How to Increase Your Financial Literacy – Time Warner News – New York 1
- April 23, 2015
- By: Greenpath Financial Wellness
April is Financial Literacy Month. In this Money Matters report, Tara Lynn Wagner explains why you should have a budget and how to start one.
When it comes to being financially literate, Americans think they are making the grade. In a recent survey conducted by the National Foundation for Credit Counseling, 59 percent of those polled gave themselves an A or a B on their money know-how. However, Chris Dlugozima of GreenPath Financial Wellness says when he actually starts to quiz people, those grades falter.
“Have you seen your credit report? Not just do you budget, but do you have a written budget that you actually follow? At least anecdotally from the groups that I serve, it seems that number is lot less,” says Dlugozima.
In fact that same NFCC survey found that 60 percent of respondents don’t operate with a budget. But even if you are in the minority that has one on paper, Dlugozima says that’s only half the battle. You also have to stick to it, which can only been done by actively tracking what’s coming in and what’s going out – not just the big fixed expenses like your mortgage or rent, or student loans, but everything you spend money on.
“Like your groceries, clothing, entertainment. That’s why it’s so important to track your budget, to be realistic about what you are spending and to recognizing if you might be overspending in a particular area,” says Dlugozima.

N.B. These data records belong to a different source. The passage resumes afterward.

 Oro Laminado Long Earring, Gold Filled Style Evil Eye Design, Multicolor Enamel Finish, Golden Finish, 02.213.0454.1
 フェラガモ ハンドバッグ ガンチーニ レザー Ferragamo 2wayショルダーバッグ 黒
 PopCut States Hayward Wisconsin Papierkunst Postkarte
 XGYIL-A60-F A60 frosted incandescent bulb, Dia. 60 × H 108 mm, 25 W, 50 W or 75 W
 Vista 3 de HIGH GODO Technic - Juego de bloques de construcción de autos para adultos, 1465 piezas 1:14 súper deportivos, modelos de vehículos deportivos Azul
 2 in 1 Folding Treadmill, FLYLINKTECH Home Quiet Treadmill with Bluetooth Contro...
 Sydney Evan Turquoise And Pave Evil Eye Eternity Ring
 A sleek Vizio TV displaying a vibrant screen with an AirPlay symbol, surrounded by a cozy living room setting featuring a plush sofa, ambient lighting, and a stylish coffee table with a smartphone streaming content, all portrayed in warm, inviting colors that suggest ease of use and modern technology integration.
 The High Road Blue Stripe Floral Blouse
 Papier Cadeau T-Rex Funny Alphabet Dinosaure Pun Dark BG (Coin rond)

Making a budget shouldn’t be too difficult. Lots of apps and programs will guide you through it. However, if you would like more personalized help, that is available too.
Looking back at the survey, while 3 out of 4 people said they would benefit from getting advice from a professional, that doesn’t mean they’re actually seeking it. In fact, Dlugozima says 40 percent of the people who make an appointment with one of his counselors is a no-show.
“It’s a difficult thing. It’s one thing to say you want advice, another thing to actually expose your dirty laundry as it were in front of somebody,” he says.
He adds that a counselor from a reputable, nonprofit organization will be confidential and compassionate. In addition, he stresses that seeking help does not necessarily mean handing over control.
“Plenty of organizations will offer free services just to give the advice, just to sit down with somebody for an hour and more and help them formulate a plan, even if it is one that they ultimately will handle on their own,” says Dlugozima.
In other words, be your study buddy so that you really can earn that A in financial knowledge.